- Plourde in 2002

Background information
- Born: October 17, 1971 Goleta, California, U.S.
- Died: March 30, 2005 (aged 33) Goleta, California, U.S.
- Cause of death: Suicide by firearm
- Genres: Skate punk, punk rock, pop punk
- Occupations: Musician
- Instruments: Drums, percussion
- Years active: 1989–2005
- Label: Fat Wreck Chords

= Derrick Plourde =

American drummer (1971–2005)

Derrick William Plourde (October 17, 1971 – March 30, 2005) was an American drummer, musician and artist. Born in Goleta, California, he was active from 1989 until his death in 2005. Although best known as a former member of Lagwagon, Plourde also played in several different bands like Bad Astronaut, Jaws, The Ataris, Mad Caddies and Rich Kids on LSD, among others. Besides drums, he played guitar and was described as a multi-instrumentalist. Aside from music, he was known as a skilled painter and gifted carpenter, and was appreciated for his off-beat sense of humor. After a long battle with drug addiction, Plourde died by suicide on March 30, 2005.

== Career ==
Plourde first caught the attention of the pop-punk underground in the Goleta/Santa Barbara scene in the early 1990s in the band Lagwagon (then called Section 8). That recognition expanded beyond the Southern California scene in 1992 with the release of Lagwagon's debut album Duh (the first release from Fat Wreck Chords) and the two follow-up albums Trashed and Hoss. Plourde left Lagwagon in 1995 and was replaced by Dave Raun of RKL.

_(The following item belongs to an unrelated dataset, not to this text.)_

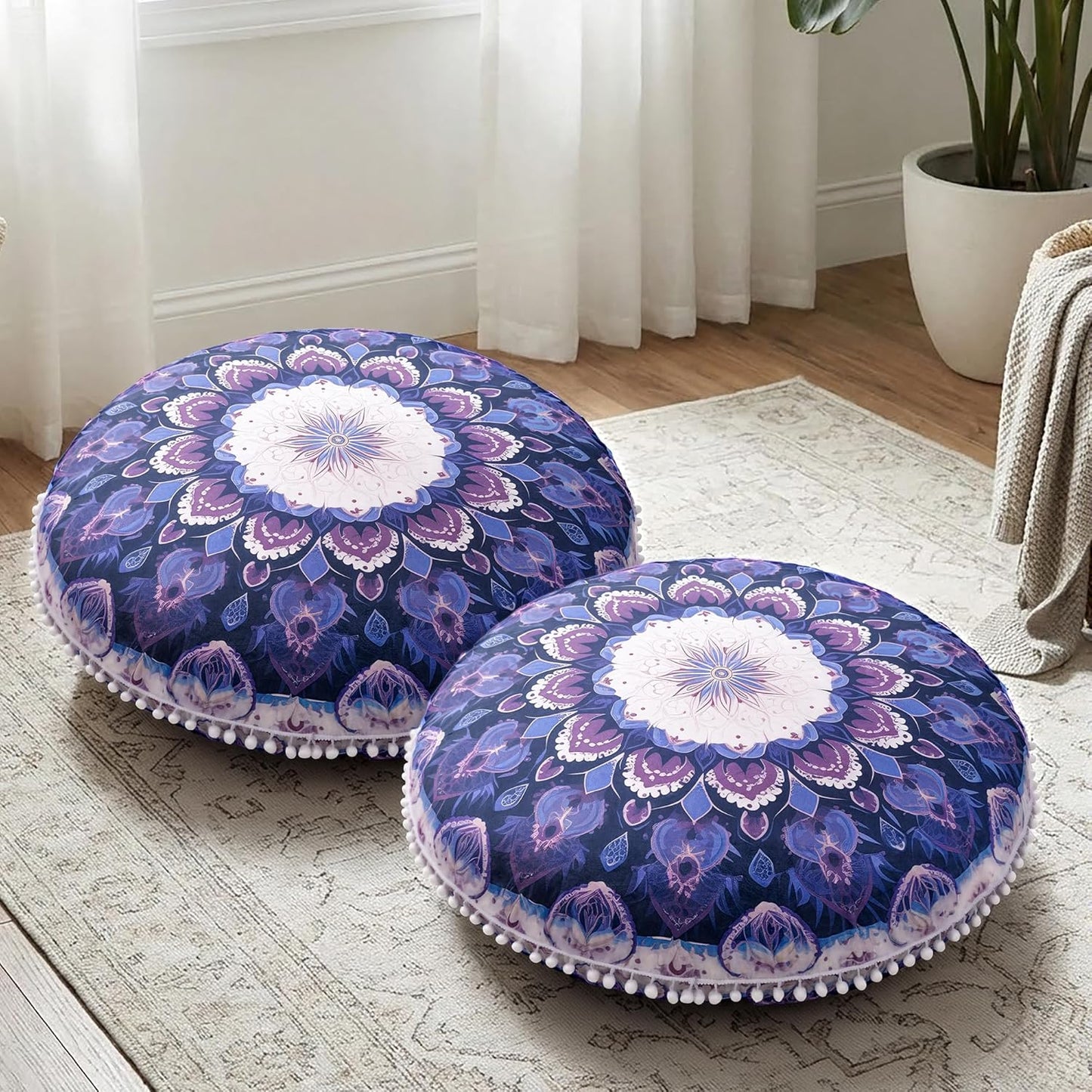 Meditation Cushion 32 Inch Round, Large Floor Pillow Seating for Adults, Bohemian Mandala Yoga Cushion, Extra Thick Memory Foam Removable Washable Cover, Ideal Gift & Holiday Decor, Blue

In 1997, Plourde contacted Kris Roe of The Ataris, who were looking for a rhythm section at the time. The two immediately hit it off and Plourde would stay with the band through the recording of their debut album Anywhere but Here.

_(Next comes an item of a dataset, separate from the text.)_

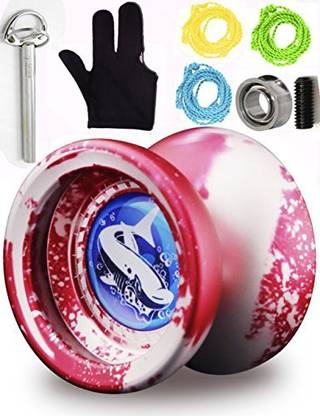 Magic YoYo Professional Responsive Unresponsive Yoyo T9 Shark with Glove+ Bonus Bearing Tool+3 Strings (Red Splash Silver)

Plourde also played with acclaimed Santa Barbara outfit Mad Caddies, and appeared on their 2001 album Rock the Plank.

Later in 2001, Plourde teamed up with his friend and former bandmate Joey Cape in the band Bad Astronaut and played on their first two albums, Acrophobe and Houston: We Have a Drinking Problem. The band also released a third album in 2006, named Twelve Small Steps, One Giant Disappointment, which included several tracks featuring Plourde on drums. After Plourde's death, Cape announced that there would be no more Bad Astronaut albums because "without Derrick, there is no Bad Astronaut".

== Influences and playing style ==
Although Rush's Neil Peart and RKL's Bomer Manzullo are often credited as his biggest influences, Plourde developed his own distinctive sound and style that was considered innovative and fresh in the hardcore/punk music scene. His playing style can best be described as a mixture of fast, complex grooves and fills, often played with a lot of dynamics. Songs like "Move the Car" and "Rifle" by Lagwagon are often considered the best examples of his skill, speed and technique as these songs involved many things that were prominent in Plourde's style such as linear and syncopated drum grooves, fast single strokes and double strokes with both hands and feet. Songs like "Bury the Hatchet", "Mr.Coffee" and "Give It Back" by Lagwagon, all originally recorded with Plourde on drums, are also often cited as examples of his progressive rock influences and outstanding skill and versatility.

== Death and tributes ==
Although the official cause of death and other details were not immediately disclosed, a posting by The Ataris frontman Kris Roe to that band's website confirmed reports that Plourde died from a self-inflicted gunshot wound. On the subject of Plourde's suicide, Joey Cape said that he and others felt like "it's not if, it's when".

Lagwagon produced a tribute album titled Resolve in his honor and made a video for the song "Heartbreaking Music" that consisted almost entirely of different photographs of Plourde along with the footage of the band playing.

The first verse in the lyrics for the NOFX song "Doornails", on their Wolves in Wolves' Clothing album is about Plourde while the song itself is a tribute to punk rock musicians who have died.